EXERCISE:
Your answer must be a word-for-word copy of the listing, with all pictures excluded.
=== SUPPLIED MATERIAL ===
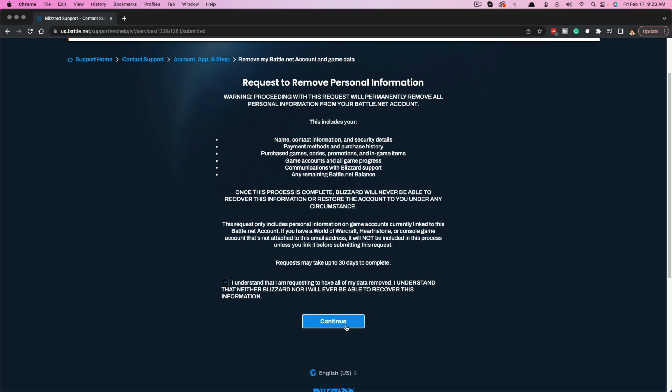Once you do this, everything — your data, personal information, and game data — will be removed. Understand that once you do this, it's a permanent thing. Hit the Continue button, insert the code provided by email, then hit Confirm again and the ticket will be submitted.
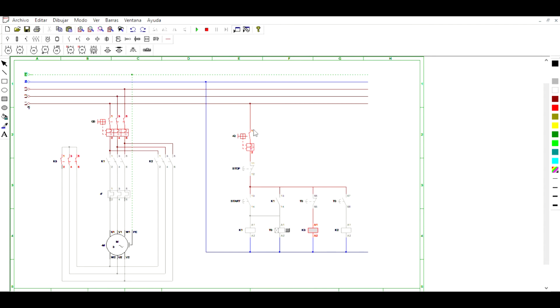And then, we can see that the current goes to the coil K3 and activates the contactor with the same name, this contactor K3.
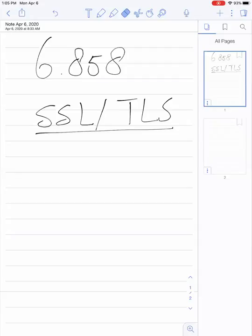Good afternoon, everybody. Welcome to the second Zoom lecture in 6858. Today the topic is going to be a continuation of network security. In particular, we're going to focus on SSL and TLS.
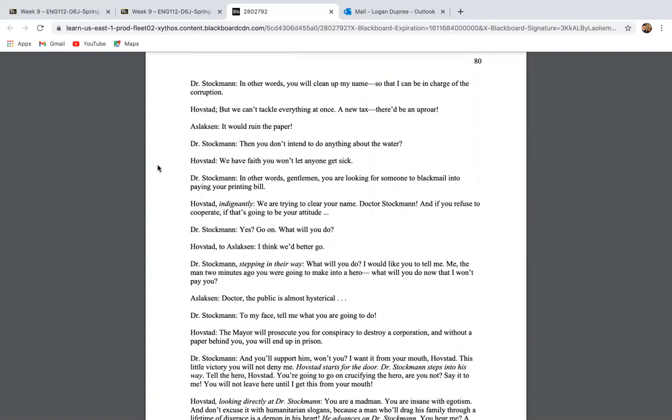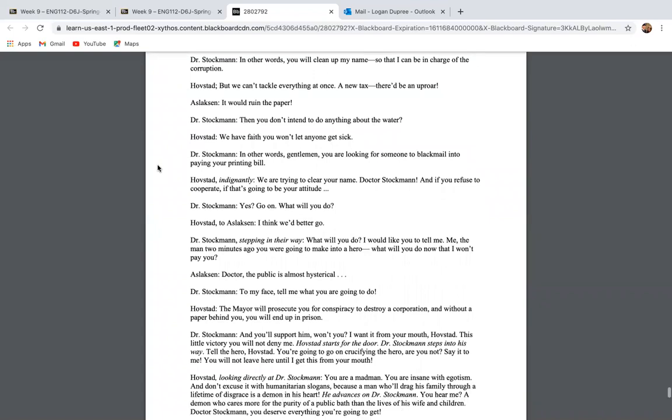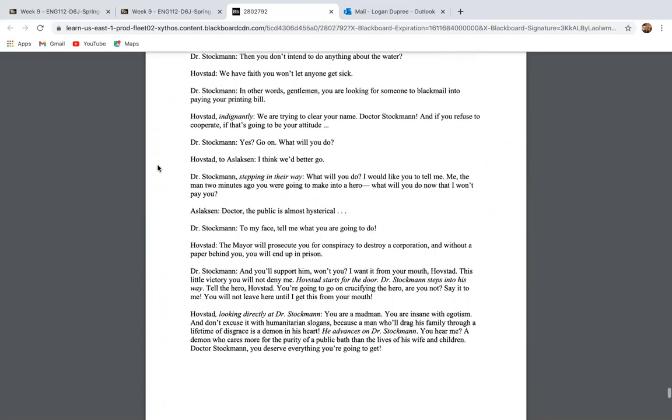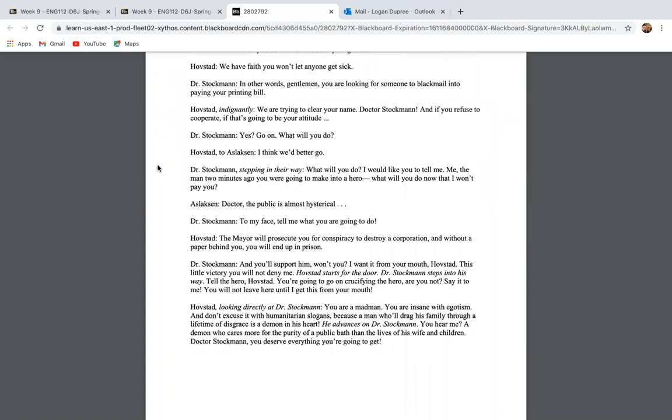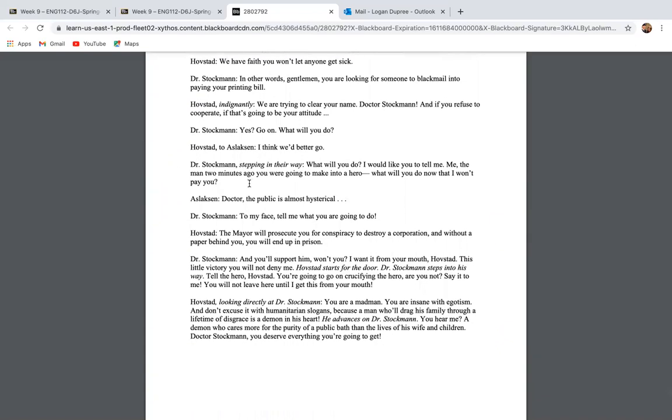Doctor, with you back in charge, I have no fear that anything can go wrong. In other words, you will clean up my name so that I can be in charge of the corruption, but we can't tackle everything at once. A new tax, there'd be an uproar, and it would ruin the paper. Then you don't intend to do anything about the water. We have faith that you won't let anyone get sick. In other words, gentlemen, you're looking for someone to blackmail into paying your printing bill. We're trying to clear your name, Dr. Stockman, and if you refuse to cooperate, if that's going to be your attitude, yes, go on. What will you do?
===
WRITTEN ANSWER:
Once you do this, everything — your data, personal information, and game data — will be removed. Understand that once you do this, it's a permanent thing. Hit the Continue button, insert the code provided by email, then hit Confirm again and the ticket will be submitted.
And then, we can see that the current goes to the coil K3 and activates the contactor with the same name, this contactor K3.
Good afternoon, everybody. Welcome to the second Zoom lecture in 6858. Today the topic is going to be a continuation of network security. In particular, we're going to focus on SSL and TLS.
Doctor, with you back in charge, I have no fear that anything can go wrong. In other words, you will clean up my name so that I can be in charge of the corruption, but we can't tackle everything at once. A new tax, there'd be an uproar, and it would ruin the paper. Then you don't intend to do anything about the water. We have faith that you won't let anyone get sick. In other words, gentlemen, you're looking for someone to blackmail into paying your printing bill. We're trying to clear your name, Dr. Stockman, and if you refuse to cooperate, if that's going to be your attitude, yes, go on. What will you do?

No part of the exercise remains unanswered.